**Task description**
From first entry to last, give the listing again verbatim.

- - -

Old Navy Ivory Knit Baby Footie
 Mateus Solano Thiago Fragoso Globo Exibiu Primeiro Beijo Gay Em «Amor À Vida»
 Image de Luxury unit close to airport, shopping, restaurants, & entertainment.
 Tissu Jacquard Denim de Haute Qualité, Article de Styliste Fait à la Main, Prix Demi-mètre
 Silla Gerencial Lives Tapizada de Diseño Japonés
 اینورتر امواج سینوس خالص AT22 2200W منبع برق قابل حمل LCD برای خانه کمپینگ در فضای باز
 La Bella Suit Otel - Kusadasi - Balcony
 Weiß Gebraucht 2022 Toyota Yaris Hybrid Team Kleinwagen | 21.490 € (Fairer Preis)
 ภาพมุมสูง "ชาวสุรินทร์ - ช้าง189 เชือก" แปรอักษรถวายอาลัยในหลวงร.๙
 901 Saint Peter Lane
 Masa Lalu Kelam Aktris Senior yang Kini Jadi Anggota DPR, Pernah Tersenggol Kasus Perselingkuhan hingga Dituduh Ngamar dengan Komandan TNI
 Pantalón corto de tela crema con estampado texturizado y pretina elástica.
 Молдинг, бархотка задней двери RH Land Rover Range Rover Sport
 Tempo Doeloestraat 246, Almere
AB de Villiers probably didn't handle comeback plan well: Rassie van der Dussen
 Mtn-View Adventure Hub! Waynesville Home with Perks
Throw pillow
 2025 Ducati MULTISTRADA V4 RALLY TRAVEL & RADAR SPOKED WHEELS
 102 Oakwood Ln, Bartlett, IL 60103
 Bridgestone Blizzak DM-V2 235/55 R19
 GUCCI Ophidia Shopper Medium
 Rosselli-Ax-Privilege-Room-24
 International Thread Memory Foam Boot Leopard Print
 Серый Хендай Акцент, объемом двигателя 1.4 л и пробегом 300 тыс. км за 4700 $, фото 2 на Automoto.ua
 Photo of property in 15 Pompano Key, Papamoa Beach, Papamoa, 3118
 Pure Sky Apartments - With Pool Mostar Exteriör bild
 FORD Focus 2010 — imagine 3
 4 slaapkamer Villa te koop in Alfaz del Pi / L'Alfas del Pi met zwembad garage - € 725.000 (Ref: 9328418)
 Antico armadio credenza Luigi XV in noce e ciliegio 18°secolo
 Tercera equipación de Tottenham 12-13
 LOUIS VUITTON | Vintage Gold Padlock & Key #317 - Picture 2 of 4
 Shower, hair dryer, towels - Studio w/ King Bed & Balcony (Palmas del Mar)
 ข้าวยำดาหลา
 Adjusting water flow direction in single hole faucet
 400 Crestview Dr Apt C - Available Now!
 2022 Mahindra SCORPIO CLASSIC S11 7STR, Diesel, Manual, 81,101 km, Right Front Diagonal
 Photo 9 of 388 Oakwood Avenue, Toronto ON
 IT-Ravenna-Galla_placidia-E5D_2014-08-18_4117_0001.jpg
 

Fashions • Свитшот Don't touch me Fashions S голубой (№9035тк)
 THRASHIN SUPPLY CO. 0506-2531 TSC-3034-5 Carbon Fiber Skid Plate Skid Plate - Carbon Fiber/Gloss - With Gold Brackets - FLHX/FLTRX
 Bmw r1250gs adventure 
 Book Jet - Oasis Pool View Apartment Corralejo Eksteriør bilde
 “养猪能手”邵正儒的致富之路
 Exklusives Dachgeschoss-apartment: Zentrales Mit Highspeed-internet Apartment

- - -

**Written solution**
Old Navy Ivory Knit Baby Footie
 Mateus Solano Thiago Fragoso Globo Exibiu Primeiro Beijo Gay Em «Amor À Vida»
 Image de Luxury unit close to airport, shopping, restaurants, & entertainment.
 Tissu Jacquard Denim de Haute Qualité, Article de Styliste Fait à la Main, Prix Demi-mètre
 Silla Gerencial Lives Tapizada de Diseño Japonés
 اینورتر امواج سینوس خالص AT22 2200W منبع برق قابل حمل LCD برای خانه کمپینگ در فضای باز
 La Bella Suit Otel - Kusadasi - Balcony
 Weiß Gebraucht 2022 Toyota Yaris Hybrid Team Kleinwagen | 21.490 € (Fairer Preis)
 ภาพมุมสูง "ชาวสุรินทร์ - ช้าง189 เชือก" แปรอักษรถวายอาลัยในหลวงร.๙
 901 Saint Peter Lane
 Masa Lalu Kelam Aktris Senior yang Kini Jadi Anggota DPR, Pernah Tersenggol Kasus Perselingkuhan hingga Dituduh Ngamar dengan Komandan TNI
 Pantalón corto de tela crema con estampado texturizado y pretina elástica.
 Молдинг, бархотка задней двери RH Land Rover Range Rover Sport
 Tempo Doeloestraat 246, Almere
AB de Villiers probably didn't handle comeback plan well: Rassie van der Dussen
 Mtn-View Adventure Hub! Waynesville Home with Perks
Throw pillow
 2025 Ducati MULTISTRADA V4 RALLY TRAVEL & RADAR SPOKED WHEELS
 102 Oakwood Ln, Bartlett, IL 60103
 Bridgestone Blizzak DM-V2 235/55 R19
 GUCCI Ophidia Shopper Medium
 Rosselli-Ax-Privilege-Room-24
 International Thread Memory Foam Boot Leopard Print
 Серый Хендай Акцент, объемом двигателя 1.4 л и пробегом 300 тыс. км за 4700 $, фото 2 на Automoto.ua
 Photo of property in 15 Pompano Key, Papamoa Beach, Papamoa, 3118
 Pure Sky Apartments - With Pool Mostar Exteriör bild
 FORD Focus 2010 — imagine 3
 4 slaapkamer Villa te koop in Alfaz del Pi / L'Alfas del Pi met zwembad garage - € 725.000 (Ref: 9328418)
 Antico armadio credenza Luigi XV in noce e ciliegio 18°secolo
 Tercera equipación de Tottenham 12-13
 LOUIS VUITTON | Vintage Gold Padlock & Key #317 - Picture 2 of 4
 Shower, hair dryer, towels - Studio w/ King Bed & Balcony (Palmas del Mar)
 ข้าวยำดาหลา
 Adjusting water flow direction in single hole faucet
 400 Crestview Dr Apt C - Available Now!
 2022 Mahindra SCORPIO CLASSIC S11 7STR, Diesel, Manual, 81,101 km, Right Front Diagonal
 Photo 9 of 388 Oakwood Avenue, Toronto ON
 IT-Ravenna-Galla_placidia-E5D_2014-08-18_4117_0001.jpg
 

Fashions • Свитшот Don't touch me Fashions S голубой (№9035тк)
 THRASHIN SUPPLY CO. 0506-2531 TSC-3034-5 Carbon Fiber Skid Plate Skid Plate - Carbon Fiber/Gloss - With Gold Brackets - FLHX/FLTRX
 Bmw r1250gs adventure 
 Book Jet - Oasis Pool View Apartment Corralejo Eksteriør bilde
 “养猪能手”邵正儒的致富之路
 Exklusives Dachgeschoss-apartment: Zentrales Mit Highspeed-internet Apartment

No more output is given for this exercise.